The Homeless Bill of Rights
Western Regional Action Project co-founders, Right 2 Survive, Sisters of the Road and Street Roots — working with the ACLU of Oregon — have promoted a Homeless Bill of Rights over the past decade, which has been introduced in the Oregon Legislature multiple times as the Right to Rest Act, most recently in 2021.
Campaign for Legal Places to Sleep
In the late 1990s, the Campaign for Legal Places to Sleep, of which Burnside Cadillac and then Street Roots were a part, led a direct-action campaign against the city's anti-camping ordinance. In Oct. 2000, a Multnomah County judge overturned the city’s 19-year-old anti-camping ordinance.
Sit-lie ordinances
With the camping ban overturned, Mayor Katz announced new enforcement guidelines for the city’s “Obstruction as Nuisances” ordinance in 2002, banning individuals from sitting or lying on a public sidewalk. Violation of the code was a class B misdemeanor, punishable with jail time and a $500 fine. Sit-lie ordinances were battled on the streets and in courts for years. It was declared unconstitutional by Circuit Court Judge Marilyn E. Litzenberger in 2004 and Judge Stephen K. Bushong in 2009.
The Anderson Agreement
The Oregon Law Center settled a class action lawsuit against the city of Portland in 2012, leading to the Anderson Agreement, which established notice to individuals before citing them for camping or removing campers’ belongings from public property and setting specific procedures for campers to reclaim confiscated belongings.
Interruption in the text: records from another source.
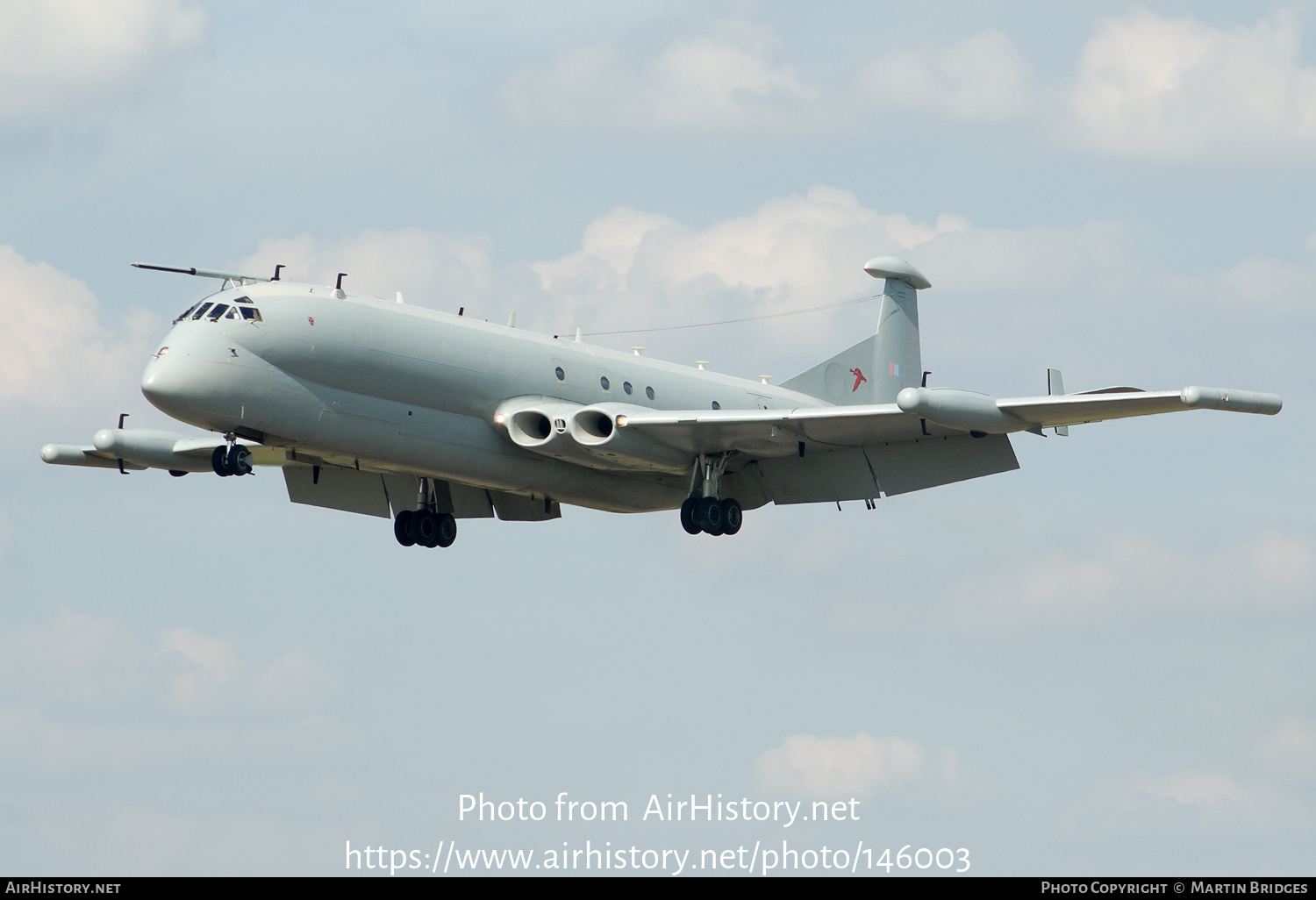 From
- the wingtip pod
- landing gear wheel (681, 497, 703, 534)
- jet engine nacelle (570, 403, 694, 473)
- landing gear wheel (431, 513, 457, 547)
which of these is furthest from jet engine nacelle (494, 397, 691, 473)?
the wingtip pod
Street Roots vendor and board member Leo Rhodes was one of the plaintiffs. An inter-governmental agreement in 2018 brought Oregon Department of Transportation property within Portland under City of Portland guidelines.
Martin V. Boise
In 2019, the 9th Circuit Appeal Court in Portland upheld Martin v. Boise, which declares “ordinances that criminalize sleeping, sitting, or lying in all public spaces when no alternative sleeping space is available” as violating the Eighth Amendment on cruel and unusual punishment. The states and territories in the 9th circuit include Alaska, California, Guam, Hawai'i, Idaho, Montana, Nevada, Northern Mariana Islands, Oregon and Washington.
The Oregon Justice Resource Center and Underdog Law sued the city in 2021 for throwing away campers’ possessions, settling in 2022 with clarification of storage policies.